The author would like to thank in particular Kathryn Weir, Director of the Australian Cinematheque, and her staff.


NOTES
  1. Gilles Deleuze, cited in B. Kite, "Jacques Rivette and the Other Place," Cinema Scope, no. 30 (Spring 2007): p. 17. [The Deleuze piece which is quoted and the cited article are both available on Order of the Exile]

  2. Rivette in Hélène Frappat, Jacques Rivette, secret compris (Paris: Cahiers du cinéma, 2001), p. 151. Rivette is specifically referring to his Les Filles du feu project.

  3. "Noli me tangere" is of course the phrase that Christ is recorded in the gospels as saying, when after his Resurrection, he appeared to Marie Magdalene.
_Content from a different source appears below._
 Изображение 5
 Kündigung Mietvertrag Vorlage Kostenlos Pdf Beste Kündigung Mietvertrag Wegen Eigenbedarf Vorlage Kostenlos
The scene is a well-known iconographic theme in Western painting.

  4. André S. Labarthe points out that this refusal dates already from the film before, Rivette's documentary on Jean Renoir: Jean Renoir, le paton.

  5. Labarthe quoted in Frappat, p. 135.

  6. Pascal Bonitzer quoted in Frappat, p. 169.

  7. Jonathan Rosenbaum's edited volume from 1971 remains equally indispensable. See: Jonathan Rosenbaum, edited and with an introduction by, Jacques Rivette: Texts and Interviews, translated by Amy Gateff and Tom Milne (London: BFI, 1977). [The entire text is available on the site]

  8. Hélène Frappat, p. 53.

  9. I note too that Rivette seems to have a fondness for libraries and librarians: the character of Julie in Céline and Julie, Ida in Up, Down, Fragile, and in Va savoir, the Arsenal Library provides a wonderful set.



These remarks were delivered on the occasion of the Australian Cinematheque's screening of Jacques Rivette's "Out 1" in October 2007. An earlier version was given on the occasion of a mini-retrospective of Rivette's work at the Saint Louis Art Museum in August 2007.